Quantum encryption, which will be discussed later, provides a way of
agreeing on a secret key without making this assumption.
Communication at the quantum level changes many of the conventions of
both classical secret key and public key communication described above.
For example, it is not necessarily possible for messages to be perfectly
copied by anyone with access to them, nor for messages to be relayed
without changing them in some respect, nor for an eavesdropper to
passively monitor communications without being detected [6]. To understand these ideas, we must first
discuss some underlying physics.
3. Quantum Cryptography Fundamentals
Nobody understands quantum theory. - Richard Feynman, Nobel
prize-winning physicist
Electromagnetic waves such as light waves can exhibit the phenomenon
of polarization, in which the direction of the electric field vibrations
is constant or varies in some definite way. A polarization filter is a
material that allows only light of a specified polarization direction to
pass. If the light is randomly polarized, only half of it will pass a
perfect filter.
According to quantum theory, light
waves are propagated as discrete particles known as photons. A photon is a
massless particle, the quantum of the
electromagnetic field, carrying energy, momentum, and angular momentum. The polarization of the
light is carried by the direction of the angular momentum or spin of the
photons. A photon either will or will not pass through a polarization
filter, but if it emerges it will be aligned with the filter regardless of
its inital state; there are no partial photons. Information about the
photon's polarization can be determined by using a photon detector to
determine whether it passed through a filter.
"Entangled pairs" are pairs of photons generated by certain particle
reactions. Each pair contains two photons of different but related
polarization. Entanglement affects the randomness of measurements. If we
measure a beam of photons E1 with a polarization filter, one-half of the
incident photons will pass the filter, regardless of its orientation.
Whether a particular photon will pass the filter is random. However, if we
measure a beam of photons E2 consisting of entangled companions of the E1
beam with a filter oriented at 90 degrees (deg) to the first filter, then
if an E1 photon passes its filter, its E2 companion will also pass its
filter.

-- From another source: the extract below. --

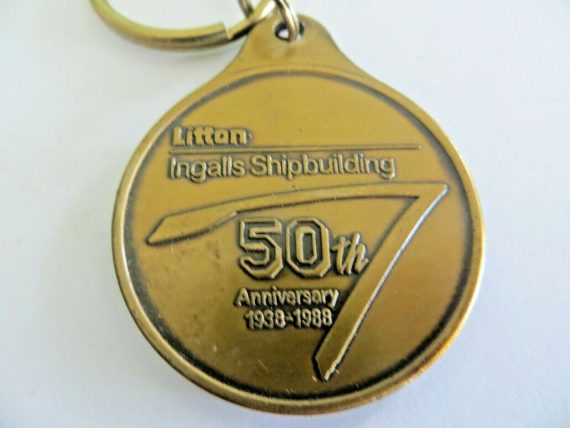 litton-ingalls-ship-building-50th-anniversary-1938-88-brass-key-ring-aircraft-ca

Similarly, if an E1 photon does not pass its filter then its E2
companion will not.
The foundation of quantum cryptography lies in the Heisenberg
uncertainty principle, which states that certain pairs of physical
properties are related in such a way that measuring one property prevents
the observer from simultaneously knowing the value of the other. In
particular, when measuring the polarization of a photon, the choice of
what direction to measure affects all subsequent measurements. For
instance, if one measures the polarization of a photon by noting that it
passes through a vertically oriented filter, the photon emerges as
vertically polarized regardless of its initial direction of polarization.
If one places a second filter oriented at some angle q to the vertical, there is a
certain probability that the photon will pass through the second filter as
well, and this probability depends on the angle q. As q increases, the probability of the
photon passing through the second filter decreases until it reaches 0 at
q = 90 deg (i.e., the
second filter is horizontal). When q = 45 deg, the chance of the photon
passing through the second filter is precisely 1/2. This is the same
result as a stream of randomly polarized photons impinging on the second
filter, so the first filter is said to randomize the measurements of the
second.
 |
Polarization by a filter: Unpolarized light enters a
vertically aligned filter, which
absorbs some of the light and polarizes the remainder in the vertical
direction. A second filter tilted at some angle q absorbs some of the
polarized light and transmits the rest, giving it a new polarization.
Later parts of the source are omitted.